Generocity columnist Krys Sipple gets ready to moderate the Speed-Pitching panel at the Dec. 11, 2019 GPCC event.

(Photo from GPCC's Twitter feed)

Update: Corrects previous headline's use of the acronym for the Chamber. (Dec. 16, 2019 at 11:06 a.m.)
When you are pitching a project to a funder or potential partner there are several key things to remember. Brevity matters. The clarity of your message matters. Effective storytelling matters. And perhaps most important of all, relationships are essential.

These were just a few of the key insights gained by attendees of the Speed-Pitching event I moderated for the Chamber of Commerce for Greater Philadelphia on Wednesday, Dec. 11. Four panelists were invited to share their perspectives on how to pitch an idea, discuss the important aspects of a successful pitch, and give real-time feedback to four local nonprofits who were selected to pitch their next big opportunities.

L to r: Lorina Marshall-Blake, president, Independence Blue Cross Foundation; Damien Ghee, regional vice president, TD Bank; Eleanor Vaida Gerhards, partner, Fox Rothschild LLP; and, Marc Brownstein, president & CEO, Brownstein Group. (Courtesy photos)

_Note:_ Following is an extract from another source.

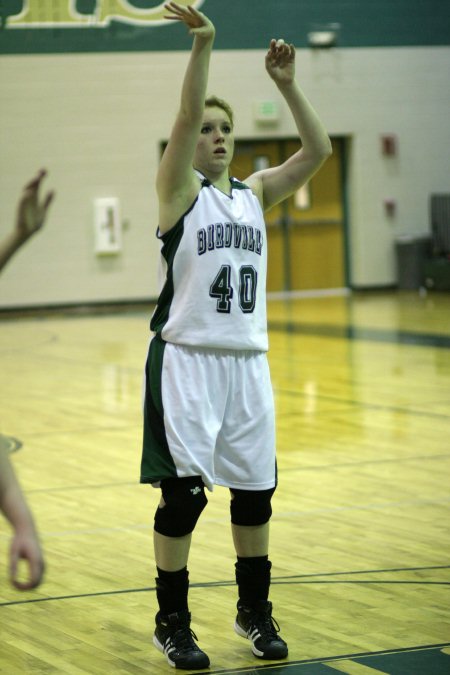 BHS BB vs Saginaw 30 Jan 09 216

The panel included Marc Brownstein, president & CEO, Brownstein Group; Eleanor Vaida Gerhards, partner, Fox Rothschild LLP; Damien Ghee, regional vice president, TD Bank; and Lorina Marshall-Blake, president, Independence Blue Cross Foundation.

The nonprofit attendees selected to pitch their ideas were Wendy Nickel from the Colorectal Cancer Alliance; AnnMarie Schultz from CORA Services; Dan Krause from Hopeworks; and Siah McCabe from the Equity Project.

The projects which were pitched to the panel ranged from a capital campaign for a new building to increased programming, and following the pitches, each panelist was given an opportunity to provide feedback and comments.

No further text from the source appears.